Ramadan is the ninth month of the Islamic lunar calendar during which Muslims all over the world abstain from eating and drinking from dawn to dusk. It is a month of prayer, introspection, charity and renewing of interpersonal ties.
Jerusalem is the home of one of Islam’s most holiest sites, the al-Aqsa mosque, and is thus a center of pilgrimage for Muslims. The majority of Palestinians however are prevented from visiting their capital due to Israel’s racist pass system, which restricts Palestinians’ freedom of movement and confines them into ghettos. Palestinian Jerusalemites have become increasingly isolated as a result and their numbers have dwindled.
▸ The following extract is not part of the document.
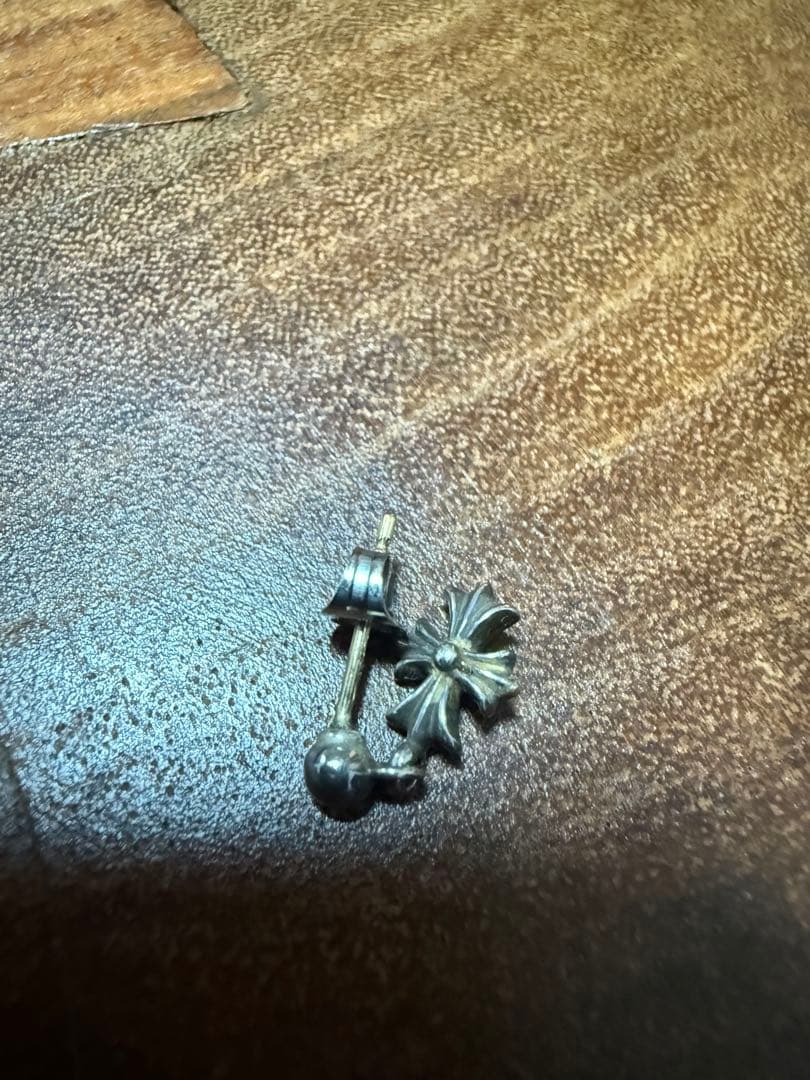 CHROME HEARTS タイニーE CHプラスドロップ シルバーピアス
Israeli policies of Judaization and ethnic cleansing have placed pressure on Palestinians to leave the city, accompanied by attempts to criminalize Palestinian national and cultural expressions.
Ramadan therefore comes as a breath of fresh air. As the month begins, the Old City of Jerusalem transforms and becomes almost unrecognizable. Street lights beautify the city, with neighborhoods competing with each other on who has the best lights. Children walk around holding the fanous, the traditional Ramadan lantern, and launch fireworks in celebration of the month. New commerce spurs up; street vendors sell all kinds of delicious food and drinks, which have become tradition during Ramadan.
Damascus Gate is the center of the festivities, especially during the evening until the early hours of the morning. During the weekends street performers animate the crowds. The Israeli occupation allows for a restricted number of permits for Palestinians from the West Bank to visit Jerusalem during Ramadan, a much needed economic relief for Palestinian businesses. (Jerusalem remains inaccessible to Palestinians in Gaza.) Palestinians from ‘48 [present-day Israel] also flood the city in great numbers. Ramadan allows us to imagine the Jerusalem that once was, before Israel came to colonize it, and to dream of a Jerusalem that one day will be.